Beispiel: Forellen "Müllerin"
(Ich heize meinen Dutch nicht mit Briketts sondern mit Glut aus dem Feuer geschaufelt, daher sind Angaben dieser Art nur ganz ungefähr zu verstehen)
Den Deckel des DO gut vorheizen, den DO selber nur mittel vorheizen.
wenig Butter drin zerlaufen lassen, Forellen mit Rücken nach unten rein.
Zitrone/kräuter/Salz/Pfeffer/etc. je nach Geschmack
in die nach oben geöffneten Bauchhöhlen nochmal Butter.
Deckel drauf und die meiste Hitze über den Deckel geben. Bei Briketts würde ich sagen 8-10 oben (je nach DO Größe) und 1-2 drunter.
Ca. 15-20 min, ich hatte 3 Portionsforellen die meinen Dutch voll ausgefüllt haben.
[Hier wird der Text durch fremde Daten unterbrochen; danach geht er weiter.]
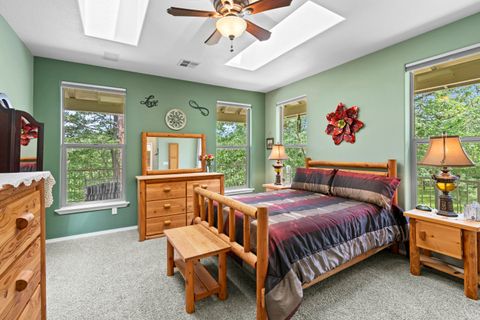 Tiny photo for 466 Three Pines Road, Grants Pass, OR 97526 (MLS # 220217355)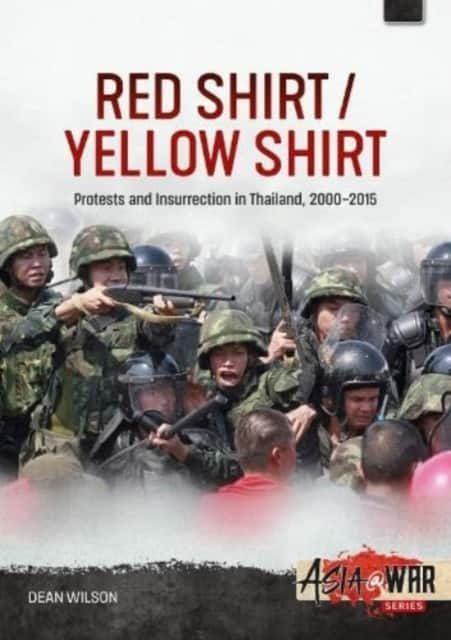 Red Shirt/Yellow Shirt av Dean Wilson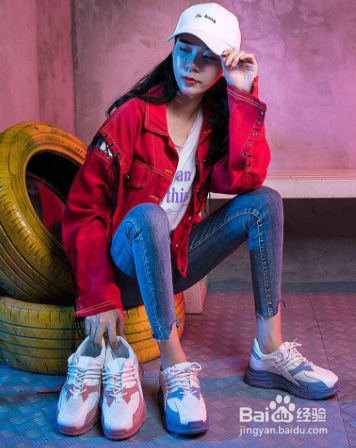女生穿老爹鞋怎么搭配衣服？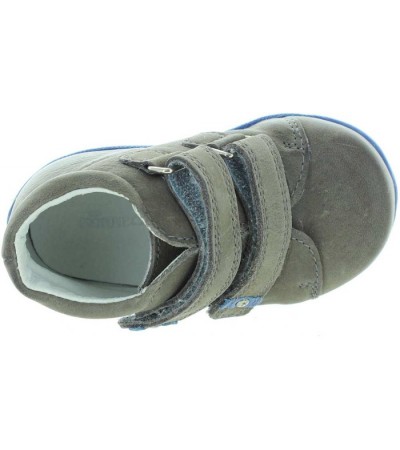 Corrective shoes for kids for foot turning in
Oder Gemüsepfanne mit Filet:
DO mit Kartoffelstücken, halbierten Tomaten, Zwiebeln, Knoblauch etc. zu 1/3 füllen. Mit ein bißchen Brühe angießen und bei mittlerer Hitze im Durch garen. Wenn die Kartoffeln grade gar sind, Filets aufs Gemüse legen, untere Hitze wegnehmen und Deckel mit viel Glut auflegen bis Filet gar, bei richtigem Timing und Hitze wird das Filet oben knusprig und unten durch den aufsteigenden Sud saftig.
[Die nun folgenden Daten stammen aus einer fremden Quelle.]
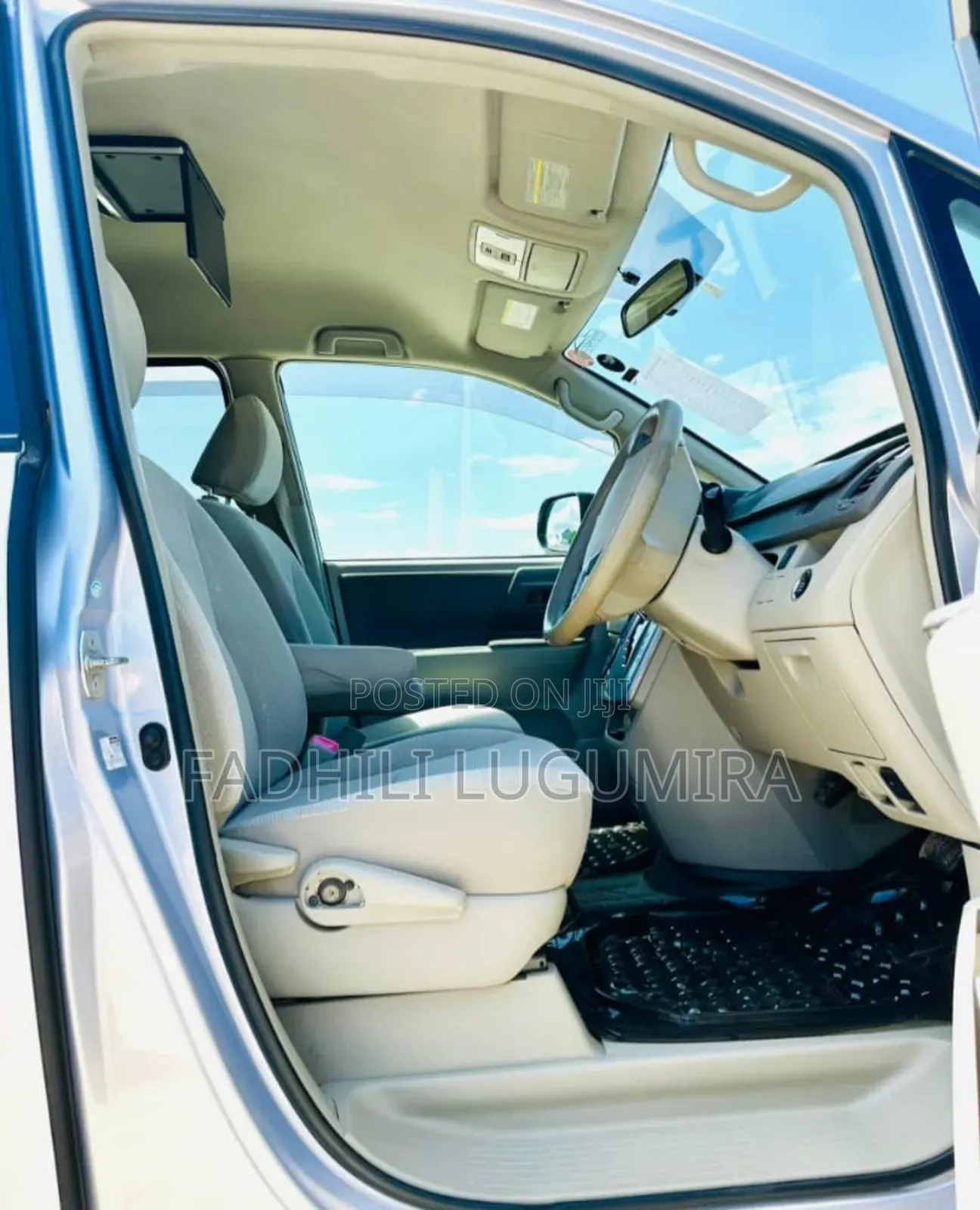 Toyota Noah 2010 Silver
Man muss den Dutch einfach als normalen Backofen sehen, dann lassen sich alle Fischgerichte ausm Backofen auch im Dutch machen, muss man halt experimentieren bis man Ober/Unterhitze so raus hat dass es passt.
Bei Fleisch nehme ich lieber weniger Hitze und lasse es etwas länger stehen, bei Fisch mach ich das andersherum und versuche mit viel Hitze und kurzen Zeiten zu arbeiten.


----------



## sprogoe (19. November 2014)

*AW: suche Fischrezepte für den Dutch Oven*

Schau doch mal dort hinein, 275 Seiten Rezepte für den DO.

http://www.grillsportverein.de/forum/forums/dutch-oven.33/

Gruß Siggi


----------



## Steff-Peff (4. Januar 2015)

*AW: suche Fischrezepte für den Dutch Oven*

Hallo, 

Danke erst mal für Eure Tipps. Für Fisch im DO habe ich bisher nur eine größere Sammlung gefunden: http://www.justdutchovenrecipes.com/inxdse.html

Aber ist nicht weiter tragisch ... dann gibt es eben Fleisch und das wird echt hammermäßig im DO.

So long
Steff-Peff


----------